5.4. Evaluation in terms of uniformity

ngsCAT provides a set of four metrics to assess whether coverage is uniformly distributed among target regions or, in other words, to detect sequencing biases due to specific genomic locations or nucleotide composition:

  1. Distribution of the coverage per base position
  2. Distribution of the coverage along target bases per chromosome
  3. Distribution of the standard deviation of the coverage within Regions of Interest (ROIs)
  4. Distribution of the coverage as a function of the GC content.
  5. Coverage correlation per region of interest (ROI) (only when two BAM files are provided in - -bams argument)

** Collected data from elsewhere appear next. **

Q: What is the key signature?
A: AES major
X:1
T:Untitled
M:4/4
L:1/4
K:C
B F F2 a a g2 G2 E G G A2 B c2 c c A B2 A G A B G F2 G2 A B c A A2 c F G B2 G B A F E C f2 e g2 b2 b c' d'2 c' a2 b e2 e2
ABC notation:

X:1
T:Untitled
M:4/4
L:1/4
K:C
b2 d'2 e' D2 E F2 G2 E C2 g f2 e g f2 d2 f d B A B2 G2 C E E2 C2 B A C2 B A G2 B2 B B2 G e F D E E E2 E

Coverage distribution per base position

Through this metric, it is studied the distribution of the coverage per target base. Two plots are given for this metric. The first one shows the distribution of coverage per target base for only bases with coverage >= 1x :

The second graph is a representation of the distribution of the coverage per target base in a boxplot, being the star symbol the mean coverage value:

A table is also provided with the following information: number of bases with zero coverage, 1st quartile (Q1), 2nd quartile (Q2, median), 3rd quartile (Q3) and mean, maximum and minimum coverage values.

What is expected?

Low-medium coverage experiments may present a mean coverage of about 40x, although it depends on the experiment carried out. A warning is issued if mean coverage is below 40x, which is the default coverage threshold. This can be customized through warnmeancoverage parameter in config.py configuration file.

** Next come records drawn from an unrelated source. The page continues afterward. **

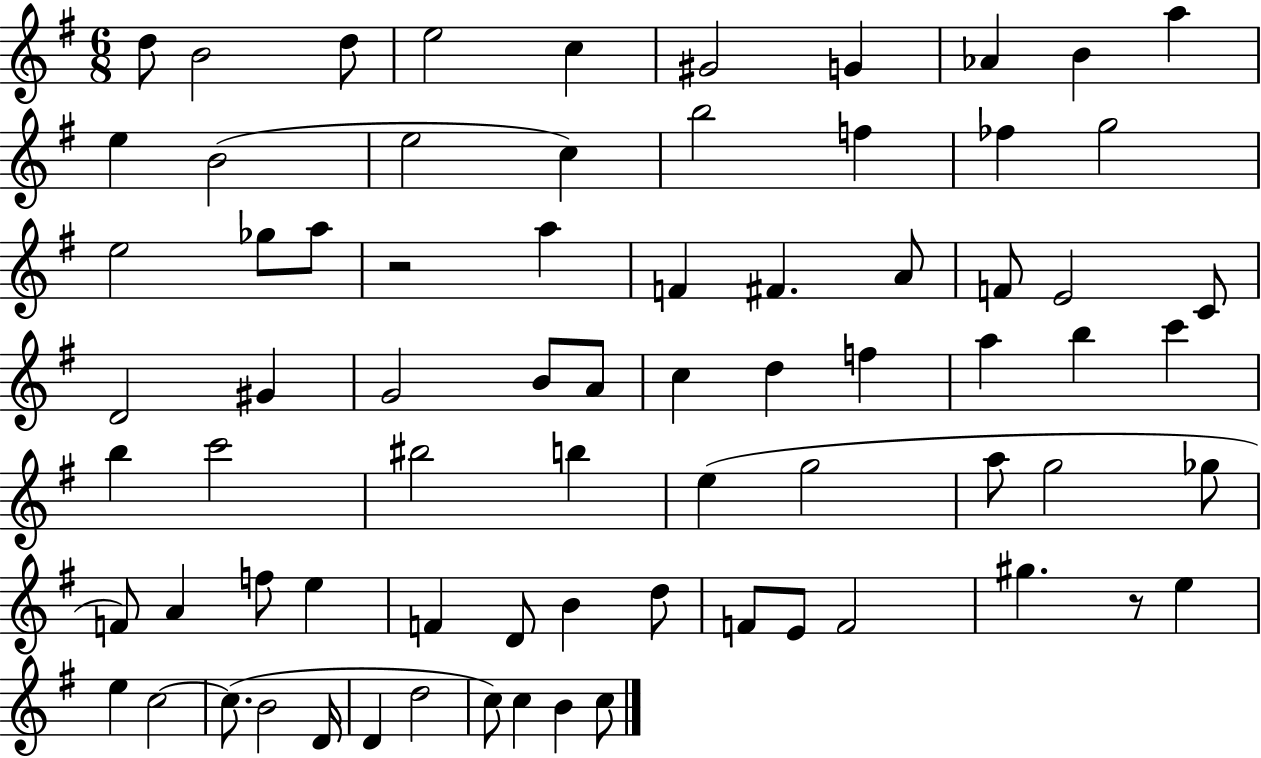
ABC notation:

X:1
T:Untitled
M:6/8
L:1/4
K:G
d/2 B2 d/2 e2 c ^G2 G _A B a e B2 e2 c b2 f _f g2 e2 _g/2 a/2 z2 a F ^F A/2 F/2 E2 C/2 D2 ^G G2 B/2 A/2 c d f a b c' b c'2 ^b2 b e g2 a/2 g2 _g/2 F/2 A f/2 e F D/2 B d/2 F/2 E/2 F2 ^g z/2 e e c2 c/2 B2 D/4 D d2 c/2 c B c/2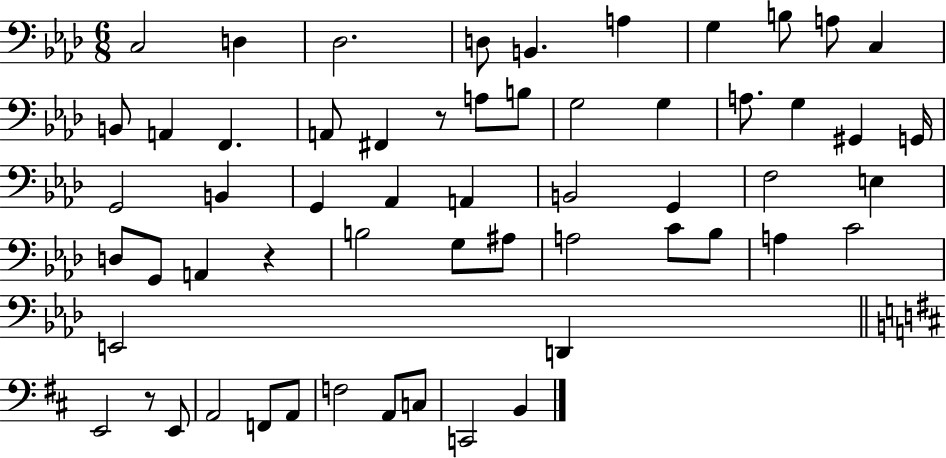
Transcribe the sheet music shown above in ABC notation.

X:1
T:Untitled
M:6/8
L:1/4
K:Ab
C,2 D, _D,2 D,/2 B,, A, G, B,/2 A,/2 C, B,,/2 A,, F,, A,,/2 ^F,, z/2 A,/2 B,/2 G,2 G, A,/2 G, ^G,, G,,/4 G,,2 B,, G,, _A,, A,, B,,2 G,, F,2 E, D,/2 G,,/2 A,, z B,2 G,/2 ^A,/2 A,2 C/2 _B,/2 A, C2 E,,2 D,, E,,2 z/2 E,,/2 A,,2 F,,/2 A,,/2 F,2 A,,/2 C,/2 C,,2 B,,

Distribution of coverage along target bases per chromosome

Through this metric, it is plot the coverage found at each target base of the ROIs to identify uncovered regions or unexpected coverage peaks that indicate capture/sequencing biases. A plot is provided for each chromosome (contig) contained in the target BED file and only ROIs positions for the chromosome are drawn by concatenating their coordinates to facilitate target inspection. For each graph (see an example in the following figure which corresponds to chromosome 18), target bases are represented in the X axis and Y axis represents coverage. The .txt file provided in this section lists all those target intervals with zero coverage.

What is expected?

No wide gaps or peaks are expected. A warning is issued if more than 100 consecutive bases in any of the graphs lie below than 6x. These default thresholds can be cutomized through warncoverageregion and warncoveragethrehold parameters respectively in config.py configuration file.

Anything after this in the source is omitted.